BT’s (BT.A) shares have dropped 20%, wiping almost £7 billion off the telecoms firm’s value following today’s announcement that its investigation into its Italian operations had been more serious than previously reported, with sales overstated and costs understated over several years.
The adjustments identified now total £530 million, versus its previous estimate of £145 million. In addition, management announced that the U.K. public sector and international corporate markets have deteriorated. In total, it now expects sales excluding the acquisition of EE to be roughly flat this year and next year, and EBITDA to be lower. We expect to reduce our fair value estimate for the shares to £3.70 from £4. There is no change to our narrow moat rating.
However, we think the market has overreacted and the shares are now undervalued. We believe the market is projecting that similar accounting shenanigans have occurred in other countries. While we acknowledge that this is a risk, we don't believe it is likely.

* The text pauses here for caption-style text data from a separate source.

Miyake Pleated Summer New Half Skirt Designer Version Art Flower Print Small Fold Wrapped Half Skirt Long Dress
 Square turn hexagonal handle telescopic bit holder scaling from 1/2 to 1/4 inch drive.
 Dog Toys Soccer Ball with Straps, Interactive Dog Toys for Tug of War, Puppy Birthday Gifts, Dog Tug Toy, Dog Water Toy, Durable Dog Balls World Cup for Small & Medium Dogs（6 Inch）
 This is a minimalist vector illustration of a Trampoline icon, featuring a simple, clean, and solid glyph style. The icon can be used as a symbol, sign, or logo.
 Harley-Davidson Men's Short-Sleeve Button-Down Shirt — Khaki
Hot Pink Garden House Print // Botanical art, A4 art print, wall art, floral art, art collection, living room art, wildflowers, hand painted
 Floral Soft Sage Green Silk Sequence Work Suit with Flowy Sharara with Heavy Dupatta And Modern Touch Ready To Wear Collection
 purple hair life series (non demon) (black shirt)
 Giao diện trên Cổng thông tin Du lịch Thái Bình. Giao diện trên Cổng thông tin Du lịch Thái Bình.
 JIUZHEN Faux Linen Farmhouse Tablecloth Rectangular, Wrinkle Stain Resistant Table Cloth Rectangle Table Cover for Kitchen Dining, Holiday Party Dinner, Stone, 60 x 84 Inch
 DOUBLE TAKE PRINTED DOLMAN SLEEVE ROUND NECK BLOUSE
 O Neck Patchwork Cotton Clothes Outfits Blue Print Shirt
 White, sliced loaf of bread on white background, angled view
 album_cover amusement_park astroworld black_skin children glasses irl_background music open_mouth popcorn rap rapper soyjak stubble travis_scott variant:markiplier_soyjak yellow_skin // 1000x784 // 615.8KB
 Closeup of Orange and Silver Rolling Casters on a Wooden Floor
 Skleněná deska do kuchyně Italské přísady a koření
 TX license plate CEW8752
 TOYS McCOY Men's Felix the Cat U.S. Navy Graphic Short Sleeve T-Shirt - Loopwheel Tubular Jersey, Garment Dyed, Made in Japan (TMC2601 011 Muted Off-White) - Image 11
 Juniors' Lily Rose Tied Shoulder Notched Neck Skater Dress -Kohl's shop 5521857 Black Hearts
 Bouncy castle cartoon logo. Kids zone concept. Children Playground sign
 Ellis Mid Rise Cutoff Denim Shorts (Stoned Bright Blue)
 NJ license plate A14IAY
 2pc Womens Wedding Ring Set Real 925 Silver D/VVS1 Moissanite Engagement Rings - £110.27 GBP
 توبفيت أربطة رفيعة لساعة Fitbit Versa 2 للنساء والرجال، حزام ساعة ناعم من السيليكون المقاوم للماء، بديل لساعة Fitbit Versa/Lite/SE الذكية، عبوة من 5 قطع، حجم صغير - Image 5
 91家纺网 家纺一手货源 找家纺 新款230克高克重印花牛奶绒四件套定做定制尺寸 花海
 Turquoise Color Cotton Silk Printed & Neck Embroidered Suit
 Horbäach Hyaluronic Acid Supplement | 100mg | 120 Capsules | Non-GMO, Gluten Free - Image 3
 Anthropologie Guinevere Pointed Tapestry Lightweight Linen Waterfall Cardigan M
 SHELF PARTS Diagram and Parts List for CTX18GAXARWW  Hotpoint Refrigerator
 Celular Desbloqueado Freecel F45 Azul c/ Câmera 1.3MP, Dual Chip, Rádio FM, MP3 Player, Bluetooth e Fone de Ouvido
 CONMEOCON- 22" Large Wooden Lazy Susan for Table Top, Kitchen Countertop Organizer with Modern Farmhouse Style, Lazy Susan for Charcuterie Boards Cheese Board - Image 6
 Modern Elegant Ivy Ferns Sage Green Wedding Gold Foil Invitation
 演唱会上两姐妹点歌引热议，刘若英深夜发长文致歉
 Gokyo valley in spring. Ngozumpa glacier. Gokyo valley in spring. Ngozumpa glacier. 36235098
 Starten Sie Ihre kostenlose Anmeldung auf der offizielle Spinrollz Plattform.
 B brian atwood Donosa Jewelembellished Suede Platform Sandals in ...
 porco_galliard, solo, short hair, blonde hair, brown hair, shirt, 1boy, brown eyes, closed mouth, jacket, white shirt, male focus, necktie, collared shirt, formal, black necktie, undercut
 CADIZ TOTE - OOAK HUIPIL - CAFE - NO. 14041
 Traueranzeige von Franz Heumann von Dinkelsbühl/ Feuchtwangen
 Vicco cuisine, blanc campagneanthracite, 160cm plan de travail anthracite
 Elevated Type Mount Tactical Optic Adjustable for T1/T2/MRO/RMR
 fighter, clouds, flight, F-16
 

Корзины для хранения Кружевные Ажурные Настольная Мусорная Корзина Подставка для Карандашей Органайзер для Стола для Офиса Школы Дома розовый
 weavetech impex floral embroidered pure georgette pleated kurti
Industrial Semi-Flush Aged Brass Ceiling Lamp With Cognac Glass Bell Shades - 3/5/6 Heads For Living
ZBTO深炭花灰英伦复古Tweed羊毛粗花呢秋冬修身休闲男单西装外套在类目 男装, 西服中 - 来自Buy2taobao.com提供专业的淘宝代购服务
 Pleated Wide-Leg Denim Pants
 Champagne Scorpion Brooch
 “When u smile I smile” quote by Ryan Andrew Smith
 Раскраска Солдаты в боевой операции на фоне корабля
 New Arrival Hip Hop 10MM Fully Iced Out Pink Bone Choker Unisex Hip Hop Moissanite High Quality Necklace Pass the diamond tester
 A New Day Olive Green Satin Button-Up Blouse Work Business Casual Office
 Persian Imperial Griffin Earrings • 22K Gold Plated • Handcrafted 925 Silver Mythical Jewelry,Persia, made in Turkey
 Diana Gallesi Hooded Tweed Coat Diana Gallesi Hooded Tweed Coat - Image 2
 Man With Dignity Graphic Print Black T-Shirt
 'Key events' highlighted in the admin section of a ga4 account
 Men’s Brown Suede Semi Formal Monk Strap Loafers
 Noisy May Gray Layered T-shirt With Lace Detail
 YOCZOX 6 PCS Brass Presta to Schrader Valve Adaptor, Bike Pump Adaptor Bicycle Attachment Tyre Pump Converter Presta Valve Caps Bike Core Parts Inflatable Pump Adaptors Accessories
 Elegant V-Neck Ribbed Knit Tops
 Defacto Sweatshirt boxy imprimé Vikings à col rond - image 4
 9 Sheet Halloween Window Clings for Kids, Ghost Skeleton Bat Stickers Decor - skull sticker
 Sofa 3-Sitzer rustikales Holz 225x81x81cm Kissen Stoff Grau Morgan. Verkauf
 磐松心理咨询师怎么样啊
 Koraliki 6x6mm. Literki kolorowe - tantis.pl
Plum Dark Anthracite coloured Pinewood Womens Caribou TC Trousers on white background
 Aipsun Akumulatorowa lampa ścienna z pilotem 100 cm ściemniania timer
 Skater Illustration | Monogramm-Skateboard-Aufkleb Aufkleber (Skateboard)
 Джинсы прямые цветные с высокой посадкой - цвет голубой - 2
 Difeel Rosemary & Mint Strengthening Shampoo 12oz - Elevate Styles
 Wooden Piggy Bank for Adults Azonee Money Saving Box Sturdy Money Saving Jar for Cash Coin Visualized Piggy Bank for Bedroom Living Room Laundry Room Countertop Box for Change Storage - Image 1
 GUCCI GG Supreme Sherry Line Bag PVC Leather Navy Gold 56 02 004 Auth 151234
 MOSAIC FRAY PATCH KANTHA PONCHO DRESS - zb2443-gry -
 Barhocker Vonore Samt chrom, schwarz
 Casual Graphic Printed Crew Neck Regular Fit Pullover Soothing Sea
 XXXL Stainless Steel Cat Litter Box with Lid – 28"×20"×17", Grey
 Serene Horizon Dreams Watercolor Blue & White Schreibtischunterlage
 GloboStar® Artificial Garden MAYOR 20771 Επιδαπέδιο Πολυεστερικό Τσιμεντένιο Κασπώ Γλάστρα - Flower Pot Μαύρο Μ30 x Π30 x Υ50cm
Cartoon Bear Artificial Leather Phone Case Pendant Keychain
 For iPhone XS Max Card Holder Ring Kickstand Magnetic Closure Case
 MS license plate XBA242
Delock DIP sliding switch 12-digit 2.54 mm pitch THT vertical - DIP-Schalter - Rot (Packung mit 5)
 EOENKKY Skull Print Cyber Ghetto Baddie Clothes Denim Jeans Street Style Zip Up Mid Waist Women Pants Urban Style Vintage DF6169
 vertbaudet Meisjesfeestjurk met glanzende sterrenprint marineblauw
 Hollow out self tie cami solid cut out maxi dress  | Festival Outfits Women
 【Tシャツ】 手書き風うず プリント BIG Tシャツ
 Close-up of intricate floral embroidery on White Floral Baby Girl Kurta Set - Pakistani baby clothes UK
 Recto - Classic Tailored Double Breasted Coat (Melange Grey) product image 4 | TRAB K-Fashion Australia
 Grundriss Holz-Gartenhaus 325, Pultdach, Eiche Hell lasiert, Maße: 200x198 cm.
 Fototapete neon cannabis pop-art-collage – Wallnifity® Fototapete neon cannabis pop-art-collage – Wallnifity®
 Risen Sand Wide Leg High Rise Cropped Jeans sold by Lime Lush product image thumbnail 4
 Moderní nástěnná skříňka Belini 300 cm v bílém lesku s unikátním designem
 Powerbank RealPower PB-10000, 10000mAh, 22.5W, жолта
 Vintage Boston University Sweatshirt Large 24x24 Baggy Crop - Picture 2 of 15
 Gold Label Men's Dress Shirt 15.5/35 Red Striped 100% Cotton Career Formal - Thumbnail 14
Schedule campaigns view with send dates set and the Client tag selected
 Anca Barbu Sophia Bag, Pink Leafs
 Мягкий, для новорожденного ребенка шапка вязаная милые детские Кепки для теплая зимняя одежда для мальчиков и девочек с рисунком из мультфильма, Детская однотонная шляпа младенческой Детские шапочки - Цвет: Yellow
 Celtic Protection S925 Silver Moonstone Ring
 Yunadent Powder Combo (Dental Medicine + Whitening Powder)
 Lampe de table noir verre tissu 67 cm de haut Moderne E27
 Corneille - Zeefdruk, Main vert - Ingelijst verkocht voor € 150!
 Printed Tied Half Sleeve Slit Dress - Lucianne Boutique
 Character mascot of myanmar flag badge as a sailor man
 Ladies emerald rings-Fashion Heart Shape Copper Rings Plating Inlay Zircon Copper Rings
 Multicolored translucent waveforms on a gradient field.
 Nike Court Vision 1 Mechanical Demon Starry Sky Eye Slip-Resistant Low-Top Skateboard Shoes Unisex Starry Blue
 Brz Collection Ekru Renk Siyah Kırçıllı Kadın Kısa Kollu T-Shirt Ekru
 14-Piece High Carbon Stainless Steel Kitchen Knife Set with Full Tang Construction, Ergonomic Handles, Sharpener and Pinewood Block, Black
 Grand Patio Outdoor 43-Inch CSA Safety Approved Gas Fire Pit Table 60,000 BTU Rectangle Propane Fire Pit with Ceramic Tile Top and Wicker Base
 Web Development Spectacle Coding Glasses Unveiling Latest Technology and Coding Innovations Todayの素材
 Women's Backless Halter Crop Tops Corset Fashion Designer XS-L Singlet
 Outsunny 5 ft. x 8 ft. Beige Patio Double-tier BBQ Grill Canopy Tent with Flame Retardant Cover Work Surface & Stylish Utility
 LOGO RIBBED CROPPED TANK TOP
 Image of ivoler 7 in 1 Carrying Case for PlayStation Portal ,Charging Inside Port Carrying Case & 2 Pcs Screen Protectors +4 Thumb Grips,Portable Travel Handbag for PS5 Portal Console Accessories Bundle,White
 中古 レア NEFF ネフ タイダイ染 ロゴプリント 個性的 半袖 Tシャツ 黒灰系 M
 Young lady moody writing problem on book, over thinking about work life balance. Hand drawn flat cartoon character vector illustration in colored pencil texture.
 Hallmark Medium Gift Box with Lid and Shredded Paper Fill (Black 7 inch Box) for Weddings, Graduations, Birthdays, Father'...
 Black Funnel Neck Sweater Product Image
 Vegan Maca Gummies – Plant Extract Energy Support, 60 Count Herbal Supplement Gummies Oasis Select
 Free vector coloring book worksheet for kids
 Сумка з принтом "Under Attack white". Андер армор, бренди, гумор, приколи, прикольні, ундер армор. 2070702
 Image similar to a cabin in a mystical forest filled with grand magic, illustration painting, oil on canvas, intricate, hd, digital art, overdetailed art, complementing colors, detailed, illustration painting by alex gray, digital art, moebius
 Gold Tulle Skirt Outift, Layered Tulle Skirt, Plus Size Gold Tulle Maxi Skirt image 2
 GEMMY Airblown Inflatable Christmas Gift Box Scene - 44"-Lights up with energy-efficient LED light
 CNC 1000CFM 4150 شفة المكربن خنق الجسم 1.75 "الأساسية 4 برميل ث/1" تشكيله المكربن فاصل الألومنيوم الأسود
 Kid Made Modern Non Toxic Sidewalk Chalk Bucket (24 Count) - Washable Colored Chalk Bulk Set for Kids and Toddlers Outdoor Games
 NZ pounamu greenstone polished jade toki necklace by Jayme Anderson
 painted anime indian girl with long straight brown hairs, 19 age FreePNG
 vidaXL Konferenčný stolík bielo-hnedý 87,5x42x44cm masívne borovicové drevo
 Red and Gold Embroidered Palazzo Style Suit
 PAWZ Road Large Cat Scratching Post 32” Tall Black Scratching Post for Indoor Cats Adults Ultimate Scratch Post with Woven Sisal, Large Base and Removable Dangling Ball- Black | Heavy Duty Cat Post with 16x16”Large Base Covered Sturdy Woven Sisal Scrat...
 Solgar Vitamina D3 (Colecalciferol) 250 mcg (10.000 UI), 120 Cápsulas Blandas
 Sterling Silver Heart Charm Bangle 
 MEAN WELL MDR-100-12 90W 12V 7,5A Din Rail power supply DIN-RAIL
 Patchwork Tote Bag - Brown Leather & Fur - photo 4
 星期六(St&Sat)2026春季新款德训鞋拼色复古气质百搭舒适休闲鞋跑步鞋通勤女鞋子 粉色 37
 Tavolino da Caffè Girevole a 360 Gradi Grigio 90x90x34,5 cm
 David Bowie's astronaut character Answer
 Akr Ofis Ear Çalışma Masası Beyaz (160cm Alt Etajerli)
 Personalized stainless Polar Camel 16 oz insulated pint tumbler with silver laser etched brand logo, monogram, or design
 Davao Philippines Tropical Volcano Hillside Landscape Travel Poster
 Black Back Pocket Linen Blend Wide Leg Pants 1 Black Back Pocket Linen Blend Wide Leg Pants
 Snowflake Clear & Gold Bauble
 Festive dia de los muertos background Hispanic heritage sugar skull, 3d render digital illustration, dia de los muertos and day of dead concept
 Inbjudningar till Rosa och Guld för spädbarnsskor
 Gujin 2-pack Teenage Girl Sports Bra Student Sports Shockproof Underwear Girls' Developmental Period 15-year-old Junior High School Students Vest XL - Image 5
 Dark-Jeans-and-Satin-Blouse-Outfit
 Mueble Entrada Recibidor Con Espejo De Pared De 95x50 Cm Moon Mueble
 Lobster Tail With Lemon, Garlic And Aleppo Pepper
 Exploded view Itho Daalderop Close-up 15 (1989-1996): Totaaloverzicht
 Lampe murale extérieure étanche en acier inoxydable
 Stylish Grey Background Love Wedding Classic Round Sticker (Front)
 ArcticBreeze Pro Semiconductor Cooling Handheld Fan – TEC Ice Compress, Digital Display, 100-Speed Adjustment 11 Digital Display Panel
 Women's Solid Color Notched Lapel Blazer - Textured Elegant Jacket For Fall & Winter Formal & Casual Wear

We also believe what happened in Italy is different from what happened in the global services division in 2009, when BT booked revenue and costs based on several very large partially completed projects that turned out to have much higher costs than originally estimated.
We think the Italian issues were smaller, but over a longer time period. We believe management knew it was being aggressive, but expected the economy would bail it out, which it hasn't. The Italian management team has been replaced.
Elsewhere, the firm continues to expand its fibre broadband subscriber base and the retail division is growing nicely. We are also pleased to see the firm begin to charge its broadband customers who are on low-end packages for access to its sports channels. This is something we believe is necessary for the firm to have any chance of generating a decent return on its sports programming investment.